Task material section start
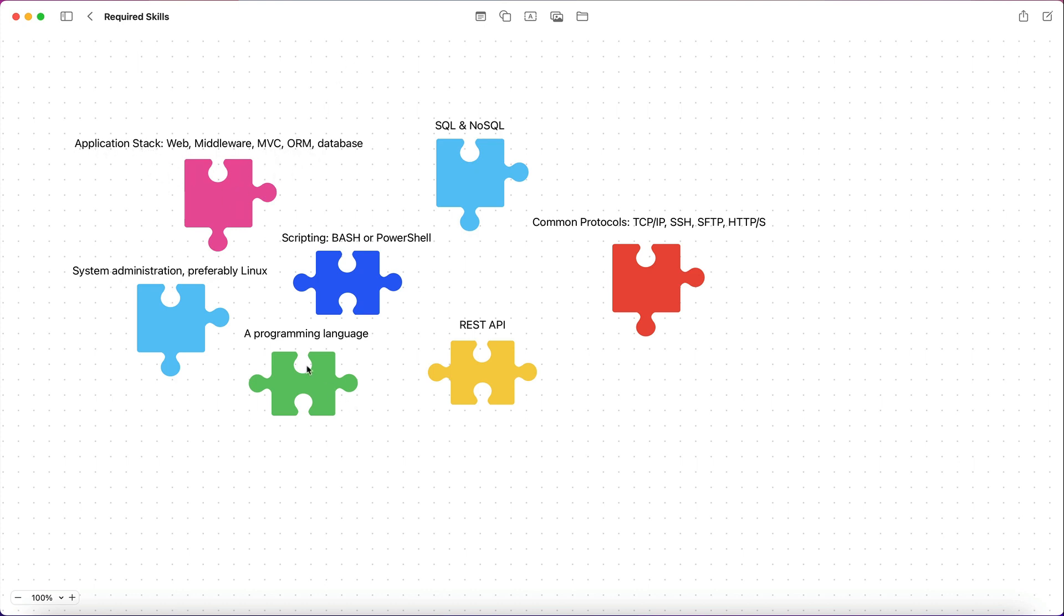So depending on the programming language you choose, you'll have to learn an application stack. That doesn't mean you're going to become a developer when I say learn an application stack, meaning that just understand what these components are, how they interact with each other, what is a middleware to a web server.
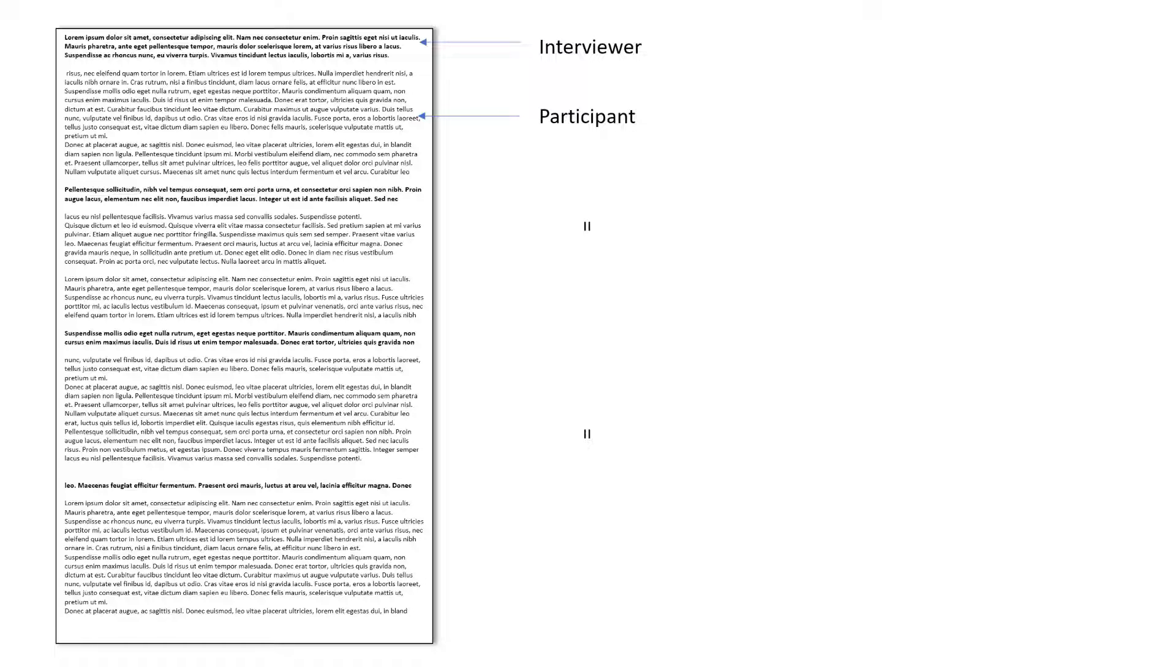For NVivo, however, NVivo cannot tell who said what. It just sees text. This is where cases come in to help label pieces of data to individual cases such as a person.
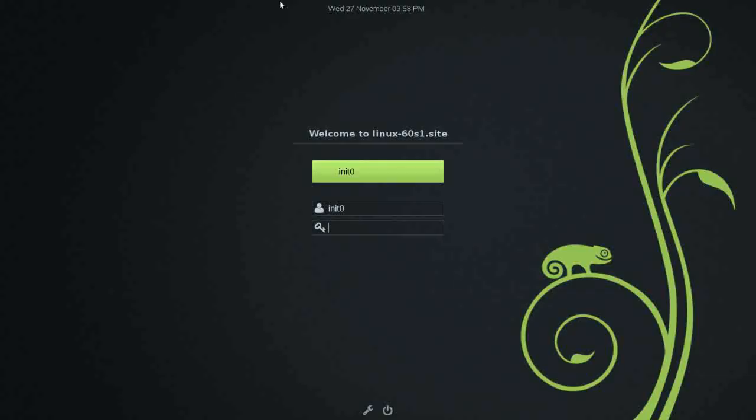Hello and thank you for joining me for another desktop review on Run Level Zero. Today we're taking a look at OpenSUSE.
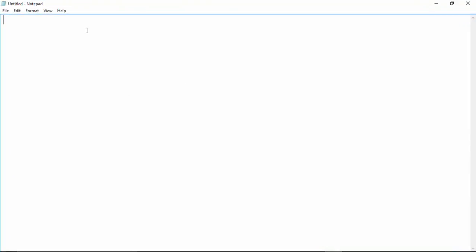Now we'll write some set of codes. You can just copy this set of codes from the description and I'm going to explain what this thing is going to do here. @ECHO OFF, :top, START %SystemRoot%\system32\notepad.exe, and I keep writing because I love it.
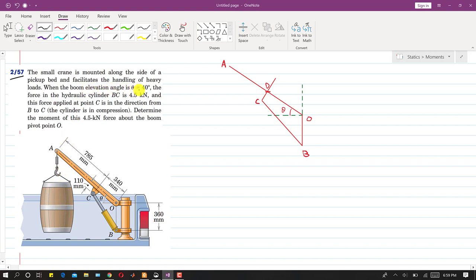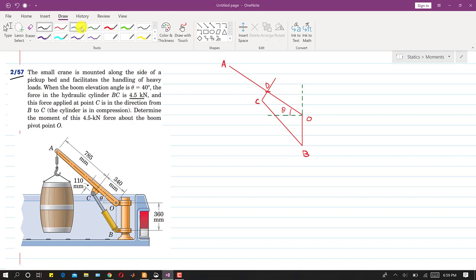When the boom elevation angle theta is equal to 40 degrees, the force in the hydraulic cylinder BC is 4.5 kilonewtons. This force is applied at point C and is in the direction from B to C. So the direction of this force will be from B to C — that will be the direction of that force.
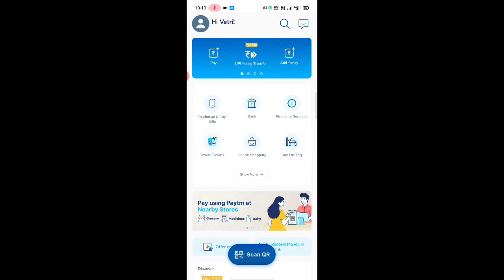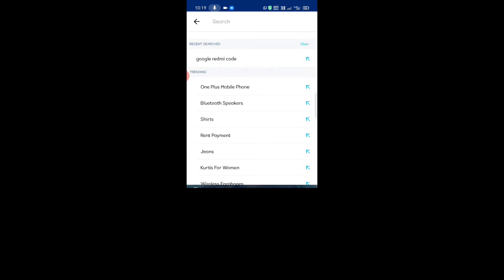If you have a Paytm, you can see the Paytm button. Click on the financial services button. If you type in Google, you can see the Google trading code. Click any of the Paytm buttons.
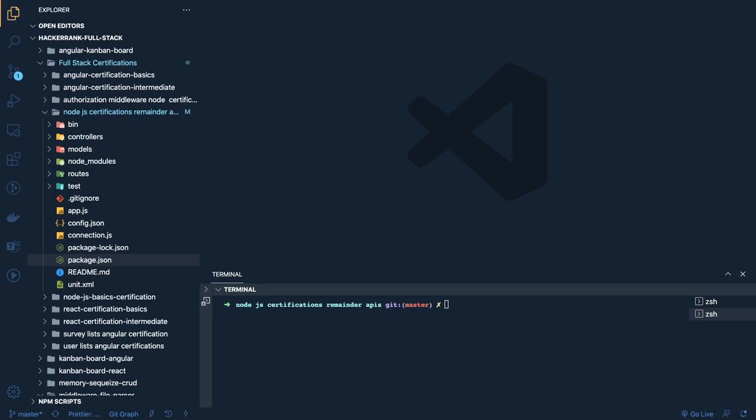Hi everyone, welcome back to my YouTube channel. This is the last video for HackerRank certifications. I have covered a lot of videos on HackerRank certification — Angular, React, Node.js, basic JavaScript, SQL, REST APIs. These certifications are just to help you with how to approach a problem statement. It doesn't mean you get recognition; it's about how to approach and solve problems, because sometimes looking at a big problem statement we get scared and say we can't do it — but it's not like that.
Task material section end
Using the data above, give again exactly the lines starting at the one holding "When the boom" and ending at the one holding "If you have", inclusive, and nothing more. Omit the pictures.

When the boom elevation angle theta is equal to 40 degrees, the force in the hydraulic cylinder BC is 4.5 kilonewtons. This force is applied at point C and is in the direction from B to C. So the direction of this force will be from B to C — that will be the direction of that force.
If you have a Paytm, you can see the Paytm button. Click on the financial services button. If you type in Google, you can see the Google trading code. Click any of the Paytm buttons.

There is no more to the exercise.